> Task description
Reproduce exactly, with no other output, every line of the data below from the line containing "PureGlow magnetic gym" to the end, inclusive.

> Material for the task
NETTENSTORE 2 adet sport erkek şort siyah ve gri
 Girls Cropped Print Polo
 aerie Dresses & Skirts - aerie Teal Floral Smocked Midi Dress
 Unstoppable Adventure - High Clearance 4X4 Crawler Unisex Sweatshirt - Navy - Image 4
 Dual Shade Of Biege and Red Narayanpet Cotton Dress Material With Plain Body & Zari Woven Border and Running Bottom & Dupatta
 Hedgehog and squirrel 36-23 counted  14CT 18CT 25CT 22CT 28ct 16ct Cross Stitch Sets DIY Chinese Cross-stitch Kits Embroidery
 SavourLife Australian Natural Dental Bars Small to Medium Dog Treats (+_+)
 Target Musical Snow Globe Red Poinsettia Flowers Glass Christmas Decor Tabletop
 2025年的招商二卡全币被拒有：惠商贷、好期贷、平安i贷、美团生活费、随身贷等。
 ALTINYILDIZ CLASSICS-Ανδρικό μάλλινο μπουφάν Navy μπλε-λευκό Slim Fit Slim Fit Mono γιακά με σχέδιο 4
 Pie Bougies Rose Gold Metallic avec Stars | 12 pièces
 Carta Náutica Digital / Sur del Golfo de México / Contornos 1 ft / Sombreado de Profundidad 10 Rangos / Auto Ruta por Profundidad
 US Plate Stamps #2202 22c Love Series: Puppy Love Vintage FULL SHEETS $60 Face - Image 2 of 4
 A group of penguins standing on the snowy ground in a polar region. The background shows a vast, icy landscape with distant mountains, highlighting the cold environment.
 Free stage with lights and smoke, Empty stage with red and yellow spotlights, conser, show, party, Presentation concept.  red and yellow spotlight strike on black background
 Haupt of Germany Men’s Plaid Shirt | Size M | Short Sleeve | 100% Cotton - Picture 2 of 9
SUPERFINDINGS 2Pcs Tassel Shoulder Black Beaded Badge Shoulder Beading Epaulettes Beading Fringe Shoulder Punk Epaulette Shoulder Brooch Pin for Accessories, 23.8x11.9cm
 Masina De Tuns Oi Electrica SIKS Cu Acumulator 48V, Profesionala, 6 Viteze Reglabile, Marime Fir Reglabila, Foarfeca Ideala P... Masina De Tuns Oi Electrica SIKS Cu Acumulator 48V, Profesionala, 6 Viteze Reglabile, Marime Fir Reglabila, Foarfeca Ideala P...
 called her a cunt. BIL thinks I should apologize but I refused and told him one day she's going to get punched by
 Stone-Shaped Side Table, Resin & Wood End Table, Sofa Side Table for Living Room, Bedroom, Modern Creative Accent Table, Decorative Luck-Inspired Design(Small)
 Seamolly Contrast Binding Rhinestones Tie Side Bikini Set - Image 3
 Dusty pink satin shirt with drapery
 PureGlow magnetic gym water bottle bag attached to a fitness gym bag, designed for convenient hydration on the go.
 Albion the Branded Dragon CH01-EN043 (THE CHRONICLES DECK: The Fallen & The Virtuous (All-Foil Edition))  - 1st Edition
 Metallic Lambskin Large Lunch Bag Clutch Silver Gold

> Problem solution
 PureGlow magnetic gym water bottle bag attached to a fitness gym bag, designed for convenient hydration on the go.
 Albion the Branded Dragon CH01-EN043 (THE CHRONICLES DECK: The Fallen & The Virtuous (All-Foil Edition))  - 1st Edition
 Metallic Lambskin Large Lunch Bag Clutch Silver Gold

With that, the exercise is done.